Principi che sembrano piuttosto ovvi ma che finora non erano abbastanza imposti ai candidati del Nazareno. Eppure, Misiani continua a evidenziare come non vi sia un collegamento sui recedenti fatti di corruzione elettorale e il nuovo Codice. In tutto questo rimane da chiarire in che modo questo nuovo codice differirà da quello precedente, che secondo gli esponenti del partito fino a questo non ha funzionato.
Schlein: “Con strappi e ultimatum non si arriva da nessuna parte“
Il passo indietro repentino di Giuseppe Conte ha provocato una nuova frattura tra il M5S e il Pd.
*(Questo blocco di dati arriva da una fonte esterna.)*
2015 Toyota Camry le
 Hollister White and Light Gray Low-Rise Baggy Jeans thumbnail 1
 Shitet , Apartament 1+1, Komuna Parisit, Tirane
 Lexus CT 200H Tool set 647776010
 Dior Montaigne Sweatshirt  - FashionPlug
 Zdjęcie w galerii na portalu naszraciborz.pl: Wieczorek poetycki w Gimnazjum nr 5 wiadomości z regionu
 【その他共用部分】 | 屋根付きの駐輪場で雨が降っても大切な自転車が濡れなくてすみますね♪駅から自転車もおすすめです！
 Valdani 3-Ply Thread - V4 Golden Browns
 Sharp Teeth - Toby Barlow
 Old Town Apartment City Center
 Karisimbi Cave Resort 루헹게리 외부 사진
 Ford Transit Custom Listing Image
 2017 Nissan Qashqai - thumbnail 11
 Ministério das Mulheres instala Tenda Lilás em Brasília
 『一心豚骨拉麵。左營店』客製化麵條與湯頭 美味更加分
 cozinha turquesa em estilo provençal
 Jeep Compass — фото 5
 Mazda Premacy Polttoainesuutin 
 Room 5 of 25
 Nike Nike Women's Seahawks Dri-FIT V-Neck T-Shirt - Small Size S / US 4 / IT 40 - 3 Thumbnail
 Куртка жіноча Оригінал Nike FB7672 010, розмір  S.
Una coalizione che fa discutere, sia all’interno che all’esterno, e che dopo la vittoria in Sardegna sembra essersi arenata. “Squadra che vince non si cambia” aveva ricordato Schlein, ignara di ciò che in poche settimane sarebbe avvenuto.
Prima lo strappo in Piemonte, con i due partiti che correranno uno contro l’altro con due candidati diversi, poi lo scandalo a Bari che ha spaccato nuovamente la coalizione. I due pilastri instabili del “Campo largo” si sono allontanati ed hanno compromesso l’intera struttura. Schlein rimane però moderata e continua a chiedere la ricostruzione dei rapporti tra i due partiti, allo scopo di costruire l’alternativa alla “destra peggiore che sta governando il Paese“.
Proprio per questa visione si è reso necessario riportare un po’ di ordine nel partito, per accontentare chi si è innalzato a paladino della giustizia e della trasparenza. Anche per questo a Torino, Raffaele Gallo, figlio di uno degli indagati per corruzione elettorale, ha deciso di dimettersi dalla sua posizione di capogruppo del Pd in Consiglio regionale e di rinunciare alla sua candidatura alle Regionali.
“A tutela dei miei figli e di mia moglie e con senso di responsabilità e rispetto verso il Pd ritiro la mia candidatura. Ribadisco di aver sempre cercato di svolgere la mia attività per il bene del Piemonte, con la massima onestà e trasparenza – ha dichiarato Raffaele Gallo – Sottolineo anche la mia totale estraneità a comportamenti anche solo lontanamente assimilabili a una vicinanza alla ‘ndrangheta“.